Estes são precisamente alguns dos problemas identificados numa análise do percurso de 35 anos do SNS por Adalberto Campos Fernandes, professor da Escola Nacional de Saúde Pública da Universidade Nova de Lisboa. Campos Fernandes salienta que o SNS representa “um dos compromissos maiores do Estado democrático”, contribuindo “não apenas para a melhoria global dos indicadores de saúde” mas, sobretudo, para a “concretização de importantes objectivos de equidade, no acesso a cuidados de saúde de qualidade, num quadro de respeito pelos valores da solidariedade e da coesão social e, consequentemente, de justiça social”.
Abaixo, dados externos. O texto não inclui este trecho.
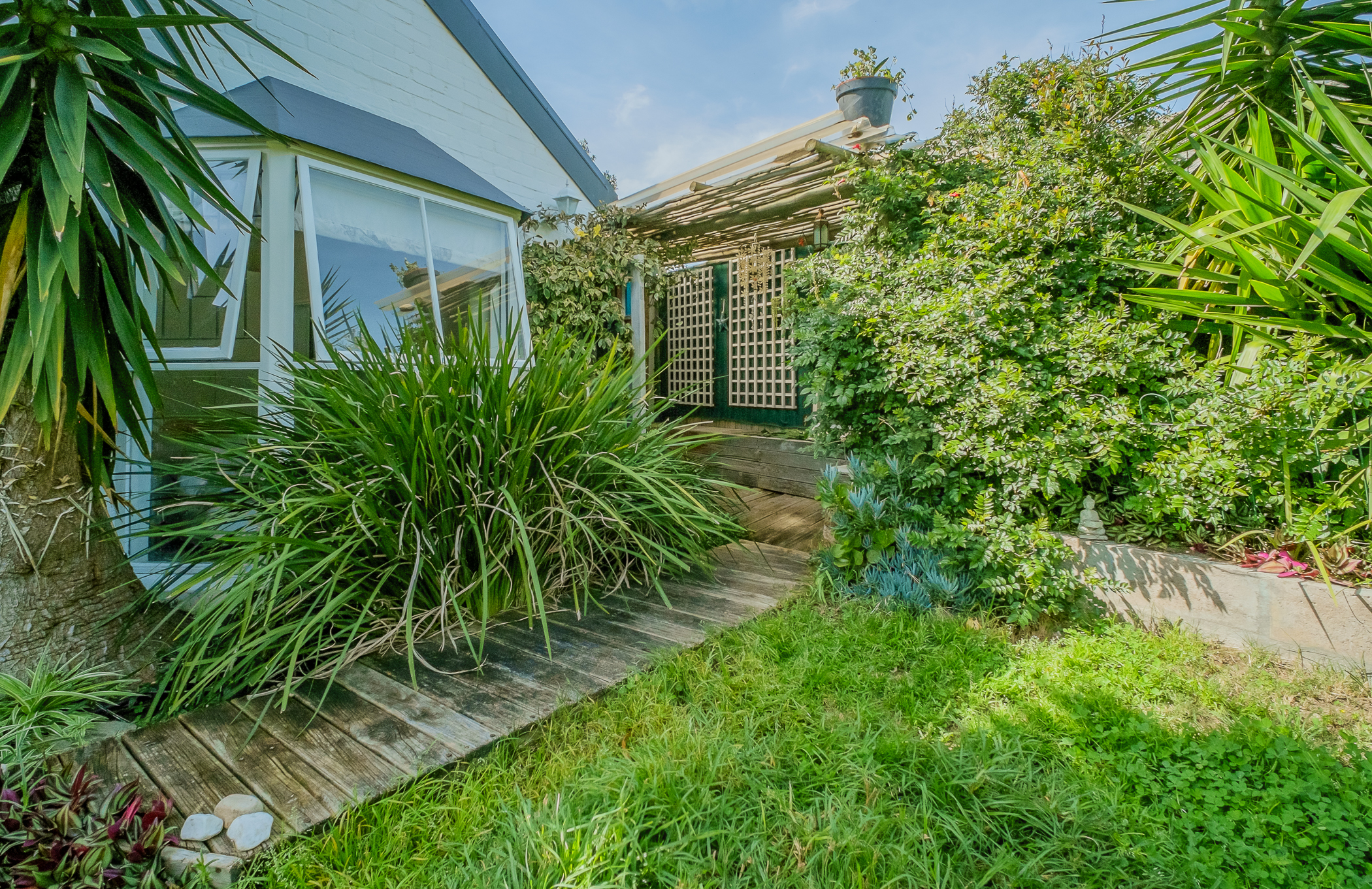  COASTAL LIVING IN THE HEART OF IMHOFF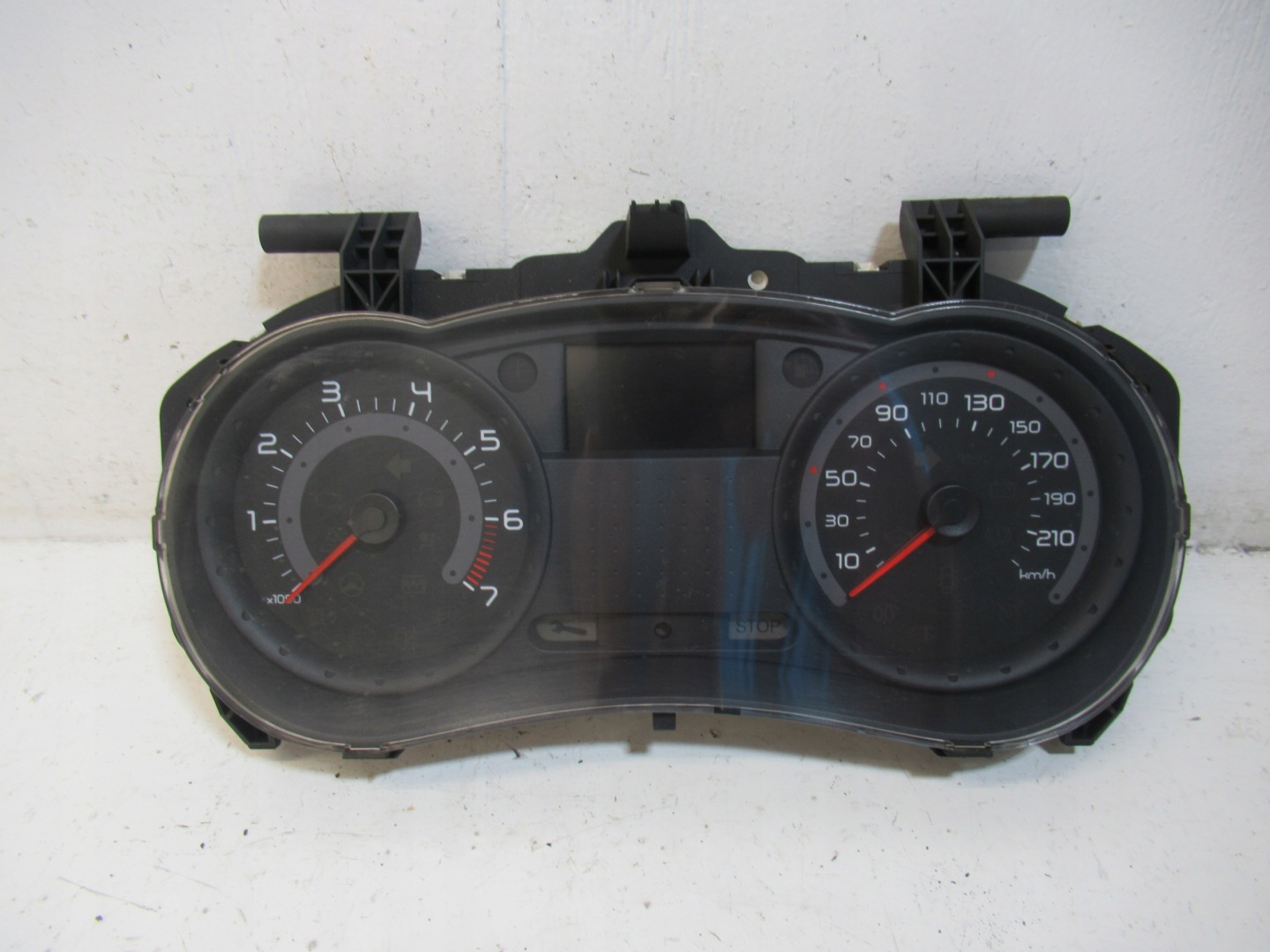 dials dials RENAULT CLIO 3 1.2 B 8200715178M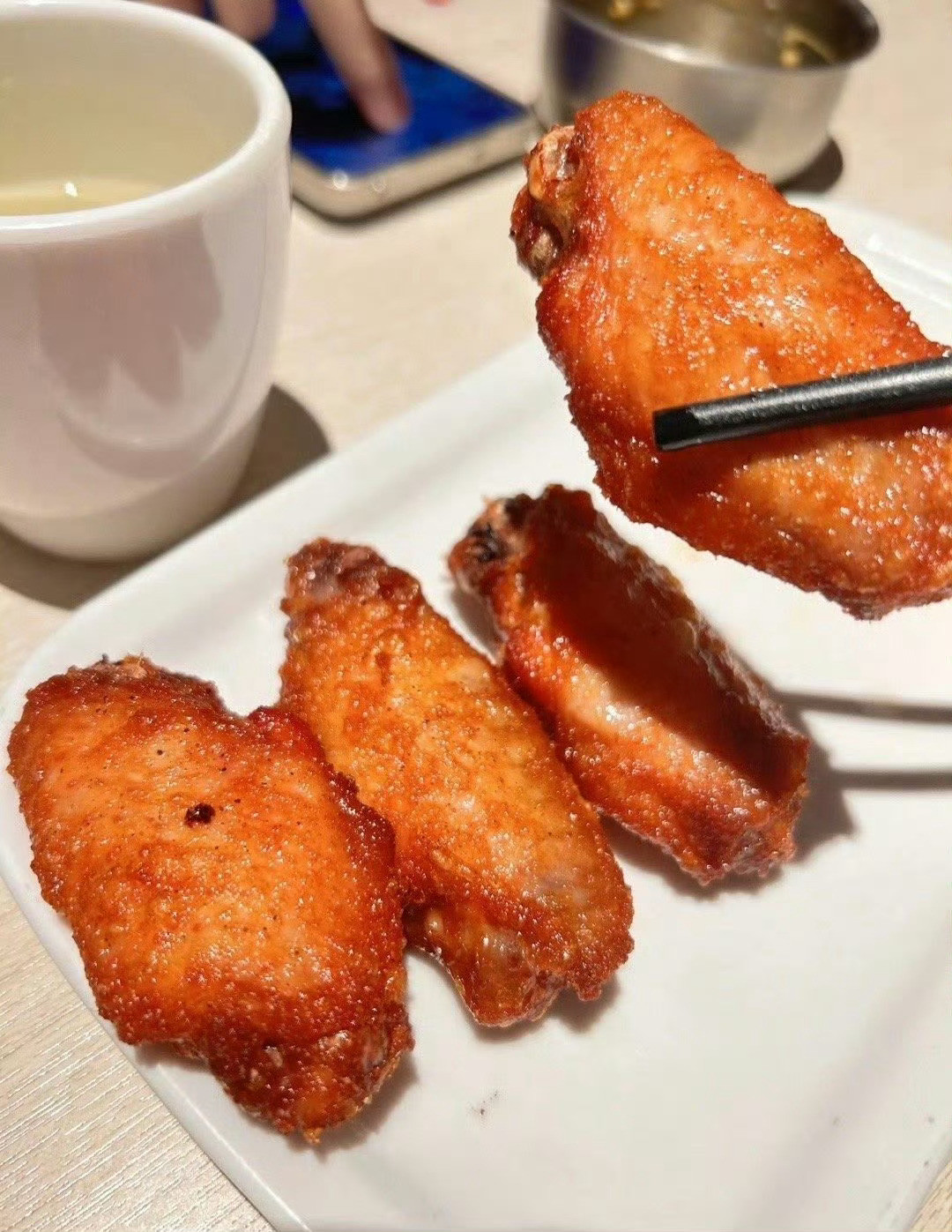 宿舍聚餐舍友多吃一块鸡翅不多A钱怎么办？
Contudo, o também médico e antigo presidente da administração do Hospital de Santa Maria e do Hospital de Cascais aponta algumas falhas que podem comprometer os resultados alcançados, como a “confusão” que houve “entre desperdício, fraude e subfinanciamento”, que, alega, tem prejudicado o acesso, o funcionamento e a motivação dos profissionais, o que se reflecte em dados como a substituição da despesa pública pela privada. O especialista admite que fazia falta a “racionalização da despesa pública com medicamentos” e um “maior enfoque no adequado uso dos recursos disponíveis”. Porém, lamenta que o caminho tenha continuado a passar pela excessiva centralização dos cuidados e recursos, com um mapa ainda dominado por hospitais, ao mesmo tempo que a cobertura da população por médico de família permanece insuficiente.